The Atlanta Falcons Youth Foundation, established in 1985, has provided more than $16 million in grants to nonprofits. Players regularly attend functions such as this spring’s Boys & Girls Club’s Hometown Heroes gala, held on the field at the Georgia Dome. “It’s always important to reach out to the youth,” quarterback Matt Ryan said.
Such functions give fans the opportunity to mingle with players while raising money. Diamond gala patrons kept Braves third baseman Chipper Jones busy posing for pictures, which he was happy to do.
“I would be really worried if they weren’t asking for my autograph, “ he mused.
The Thrashers Foundation, started in 1999, has granted $4 million to more than 2,000 Georgia charities. The Hawks Foundation’s annual golf tournament, started in 1994, has raised more than $1 million for youth groups.

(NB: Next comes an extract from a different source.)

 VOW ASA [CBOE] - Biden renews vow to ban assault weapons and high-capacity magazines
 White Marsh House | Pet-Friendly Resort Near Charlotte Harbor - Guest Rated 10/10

Athlete charity doesn’t always involve a huge bash. Al Horford of the Hawks had dinner and played games with 25 children from the Stepping Ahead Program at Dave & Buster’s in Marietta just before the holidays last December. Also during last year’s holiday season, Falcons players Jonathan Babineaux, Chauncey Davis and Kindal Moorehead (who was later released by the team) visited the Atlanta Day Shelter for Women and Children. Babineaux, who spoke to guests at last fall’s Meal to Remember gala benefiting Atlanta’s Meals on Wheels, has volunteered with the folks who make deliveries.
He chuckled as he recalled the delighted seniors he served. Expecting their usual Meals on Wheels volunteer, the recipients instead found “a big guy on their doorstep, with a big ole smile.”